- Interactive map of Pueblo Nuevo, Texas
- Coordinates: 27°29′38″N 99°18′36″W﻿ / ﻿27.49389°N 99.31000°W
- Country: United States
- State: Texas
- County: Webb

Area
- • Total: 0.6 sq mi (1.6 km^{2})
- • Land: 0.6 sq mi (1.6 km^{2})
- • Water: 0.0 sq mi (0 km^{2})
- Elevation: 600 ft (180 m)

Population (2020)
- • Total: 432
- • Density: 720/sq mi (280/km^{2})
- Time zone: UTC-6 (Central (CST))
- • Summer (DST): UTC-5 (CDT)
- Zip Code: 78043
- GNIS feature ID: 2584717

= Pueblo Nuevo, Texas =

Pueblo Nuevo is a census-designated place (CDP) in Webb County, Texas, United States.

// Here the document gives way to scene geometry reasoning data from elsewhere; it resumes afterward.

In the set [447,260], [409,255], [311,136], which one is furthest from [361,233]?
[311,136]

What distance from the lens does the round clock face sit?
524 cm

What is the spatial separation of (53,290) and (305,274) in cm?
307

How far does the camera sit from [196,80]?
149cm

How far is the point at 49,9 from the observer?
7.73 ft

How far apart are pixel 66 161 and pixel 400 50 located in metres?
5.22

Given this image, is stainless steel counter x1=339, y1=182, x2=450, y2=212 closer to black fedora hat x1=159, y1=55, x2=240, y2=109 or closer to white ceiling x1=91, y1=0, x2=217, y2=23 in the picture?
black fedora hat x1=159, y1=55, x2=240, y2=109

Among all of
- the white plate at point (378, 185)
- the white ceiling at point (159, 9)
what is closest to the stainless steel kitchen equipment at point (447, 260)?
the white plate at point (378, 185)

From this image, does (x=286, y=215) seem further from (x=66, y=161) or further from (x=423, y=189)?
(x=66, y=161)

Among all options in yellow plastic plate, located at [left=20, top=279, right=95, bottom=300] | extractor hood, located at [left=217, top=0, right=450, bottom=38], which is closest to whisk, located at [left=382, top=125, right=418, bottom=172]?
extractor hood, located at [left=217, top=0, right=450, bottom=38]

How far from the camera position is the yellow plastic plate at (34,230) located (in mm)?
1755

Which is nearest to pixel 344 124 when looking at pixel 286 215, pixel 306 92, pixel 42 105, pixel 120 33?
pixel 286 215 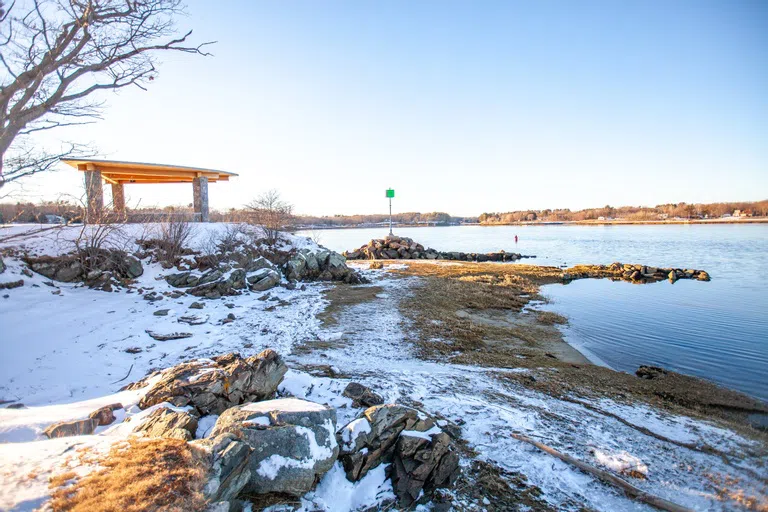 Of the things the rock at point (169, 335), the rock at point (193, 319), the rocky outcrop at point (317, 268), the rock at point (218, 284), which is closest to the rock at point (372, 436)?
the rock at point (169, 335)

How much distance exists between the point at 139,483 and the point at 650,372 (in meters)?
8.18

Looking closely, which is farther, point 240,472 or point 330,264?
point 330,264

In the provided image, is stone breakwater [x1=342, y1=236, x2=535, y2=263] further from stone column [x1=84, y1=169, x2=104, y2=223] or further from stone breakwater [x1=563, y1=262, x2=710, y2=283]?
stone column [x1=84, y1=169, x2=104, y2=223]

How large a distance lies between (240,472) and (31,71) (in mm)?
7030

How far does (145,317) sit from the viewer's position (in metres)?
8.41

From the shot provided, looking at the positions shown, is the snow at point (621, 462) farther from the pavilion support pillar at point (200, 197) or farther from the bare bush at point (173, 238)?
the pavilion support pillar at point (200, 197)

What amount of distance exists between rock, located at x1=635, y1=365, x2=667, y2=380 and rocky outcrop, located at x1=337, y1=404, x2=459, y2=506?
5089mm

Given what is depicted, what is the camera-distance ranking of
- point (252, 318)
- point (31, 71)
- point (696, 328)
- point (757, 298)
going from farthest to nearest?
point (757, 298) → point (696, 328) → point (252, 318) → point (31, 71)

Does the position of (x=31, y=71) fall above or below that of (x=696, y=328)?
above

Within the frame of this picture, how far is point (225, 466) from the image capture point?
2.92 metres

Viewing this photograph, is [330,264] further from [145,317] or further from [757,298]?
[757,298]

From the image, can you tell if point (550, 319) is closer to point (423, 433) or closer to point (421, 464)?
point (423, 433)

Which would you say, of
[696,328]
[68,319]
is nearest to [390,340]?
[68,319]

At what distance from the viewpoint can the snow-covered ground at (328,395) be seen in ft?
11.1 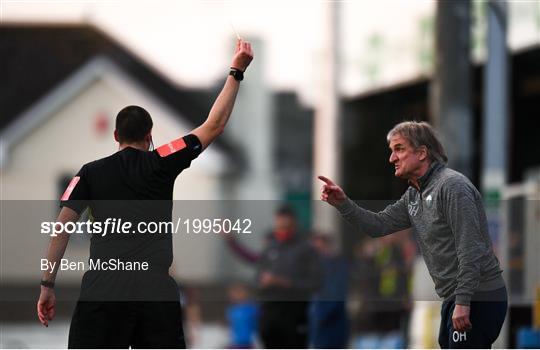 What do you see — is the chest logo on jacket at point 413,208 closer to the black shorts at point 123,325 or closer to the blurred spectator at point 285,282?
the black shorts at point 123,325

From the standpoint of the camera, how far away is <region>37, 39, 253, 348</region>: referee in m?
6.88

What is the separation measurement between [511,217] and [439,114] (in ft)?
5.73

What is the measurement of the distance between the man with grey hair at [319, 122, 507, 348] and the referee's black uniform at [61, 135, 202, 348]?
0.85 meters

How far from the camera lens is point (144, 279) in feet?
22.6

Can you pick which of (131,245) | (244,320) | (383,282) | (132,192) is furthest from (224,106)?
(383,282)

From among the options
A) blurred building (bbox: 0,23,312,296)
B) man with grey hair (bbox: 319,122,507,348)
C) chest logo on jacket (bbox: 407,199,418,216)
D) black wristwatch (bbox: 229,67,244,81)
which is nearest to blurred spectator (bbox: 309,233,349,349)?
chest logo on jacket (bbox: 407,199,418,216)

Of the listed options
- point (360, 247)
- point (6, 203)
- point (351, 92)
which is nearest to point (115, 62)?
point (351, 92)

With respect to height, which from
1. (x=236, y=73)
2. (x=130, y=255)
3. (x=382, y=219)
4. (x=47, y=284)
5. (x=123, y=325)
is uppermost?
(x=236, y=73)

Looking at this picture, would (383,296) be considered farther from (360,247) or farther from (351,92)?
(351,92)

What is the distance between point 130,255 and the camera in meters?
6.93

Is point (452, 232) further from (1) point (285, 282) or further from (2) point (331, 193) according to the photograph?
(1) point (285, 282)

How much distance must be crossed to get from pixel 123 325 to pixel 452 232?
1.57 meters

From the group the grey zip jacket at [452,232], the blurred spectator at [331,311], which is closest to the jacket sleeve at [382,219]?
the grey zip jacket at [452,232]

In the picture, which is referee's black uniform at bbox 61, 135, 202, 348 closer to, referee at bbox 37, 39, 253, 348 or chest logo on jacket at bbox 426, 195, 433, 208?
referee at bbox 37, 39, 253, 348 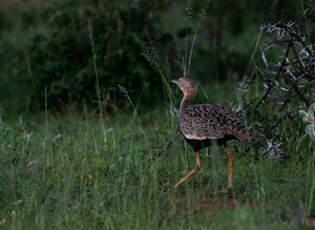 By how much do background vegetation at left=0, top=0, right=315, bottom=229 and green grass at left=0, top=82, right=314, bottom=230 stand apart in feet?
0.05

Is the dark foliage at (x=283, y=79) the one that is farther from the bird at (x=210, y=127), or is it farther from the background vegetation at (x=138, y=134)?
the bird at (x=210, y=127)

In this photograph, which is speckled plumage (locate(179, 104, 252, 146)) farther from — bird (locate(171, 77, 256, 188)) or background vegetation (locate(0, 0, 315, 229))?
background vegetation (locate(0, 0, 315, 229))

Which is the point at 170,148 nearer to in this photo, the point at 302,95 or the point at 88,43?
the point at 302,95

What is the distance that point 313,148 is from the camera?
534 cm

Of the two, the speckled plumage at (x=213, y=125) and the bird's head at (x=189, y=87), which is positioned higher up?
the bird's head at (x=189, y=87)

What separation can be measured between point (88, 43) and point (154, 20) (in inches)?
36.0

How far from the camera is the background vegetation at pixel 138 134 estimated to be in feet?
13.9

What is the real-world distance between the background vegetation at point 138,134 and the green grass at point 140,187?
1 centimetres

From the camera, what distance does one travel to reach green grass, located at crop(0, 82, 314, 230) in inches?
161

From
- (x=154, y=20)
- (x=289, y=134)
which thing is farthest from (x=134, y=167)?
(x=154, y=20)

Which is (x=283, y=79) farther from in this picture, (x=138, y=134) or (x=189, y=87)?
(x=138, y=134)

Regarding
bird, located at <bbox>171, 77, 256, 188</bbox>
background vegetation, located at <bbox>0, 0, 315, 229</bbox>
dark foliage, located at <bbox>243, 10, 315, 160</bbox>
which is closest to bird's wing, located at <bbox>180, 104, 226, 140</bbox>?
bird, located at <bbox>171, 77, 256, 188</bbox>

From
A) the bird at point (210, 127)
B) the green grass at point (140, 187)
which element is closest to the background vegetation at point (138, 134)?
the green grass at point (140, 187)

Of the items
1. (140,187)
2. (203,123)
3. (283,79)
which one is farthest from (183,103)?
(283,79) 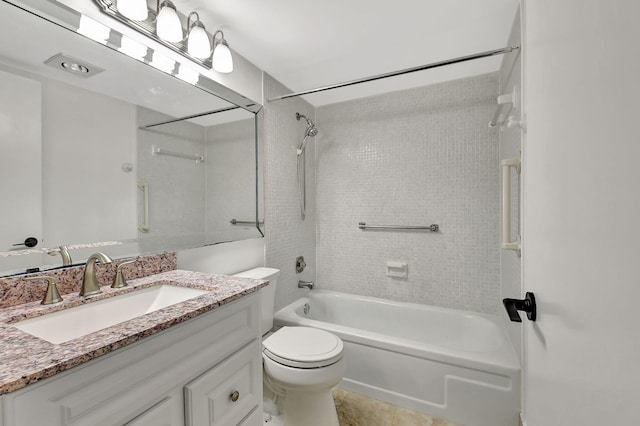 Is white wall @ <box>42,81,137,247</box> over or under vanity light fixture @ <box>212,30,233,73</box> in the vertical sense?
under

As of the 2020 census, Pueblo Nuevo had a population of 432. This was a new CDP formed from parts of the Laredo Ranchettes CDP and additional area prior to the 2010 census.
==Geography==
Pueblo Nuevo is located at (27.493908, -99.309882). The CDP has a total area of 0.6 sqmi, all land.

==Demographics==

Pueblo Nuevo first appeared as a census designated place in the 2010 U.S. census, one of nine CDPS (La Coma, Laredo Ranchettes West, Los Altos, Ranchitos East, San Carlos I, San Carlos II, Tanquecitos South Acres, Tanquecitos South Acres II, and Pueblo Nuevo) carved out from parts of Laredo Ranchettes CDP.

Historical population
| Census | Pop. | Note | %± |
| 2010 | 521 |  | — |
| 2020 | 432 |  | −17.1% |
U.S. Decennial Census 1850–1900 1910 1920 1930 1940 1950 1960 1970 1980 1990 2000 2010

===2020 census===

Pueblo Nuevo CDP, Texas – Racial and ethnic composition Note: the US Census treats Hispanic/Latino as an ethnic category. This table excludes Latinos from the racial categories and assigns them to a separate category. Hispanics/Latinos may be of any race.
| Race / Ethnicity (NH = Non-Hispanic) | Pop 2010 | Pop 2020 | % 2010 | % 2020 |
|---|---|---|---|---|
| White alone (NH) | 6 | 12 | 1.15% | 2.78% |
| Black or African American alone (NH) | 0 | 1 | 0.00% | 0.23% |
| Native American or Alaska Native alone (NH) | 5 | 0 | 0.96% | 0.00% |
| Asian alone (NH) | 0 | 0 | 0.00% | 0.00% |
| Native Hawaiian or Pacific Islander alone (NH) | 0 | 0 | 0.00% | 0.00% |
| Other race alone (NH) | 0 | 0 | 0.00% | 0.00% |
| Mixed race or Multiracial (NH) | 1 | 0 | 0.19% | 0.00% |
| Hispanic or Latino (any race) | 509 | 419 | 97.70% | 96.99% |
| Total | 521 | 432 | 100.00% | 100.00% |

==Education==
Residents are in the United Independent School District. Zoned schools include: Freedom Elementary School, Raul Perales Middle School, and United South High School.

The designated community college for Webb County is Laredo Community College.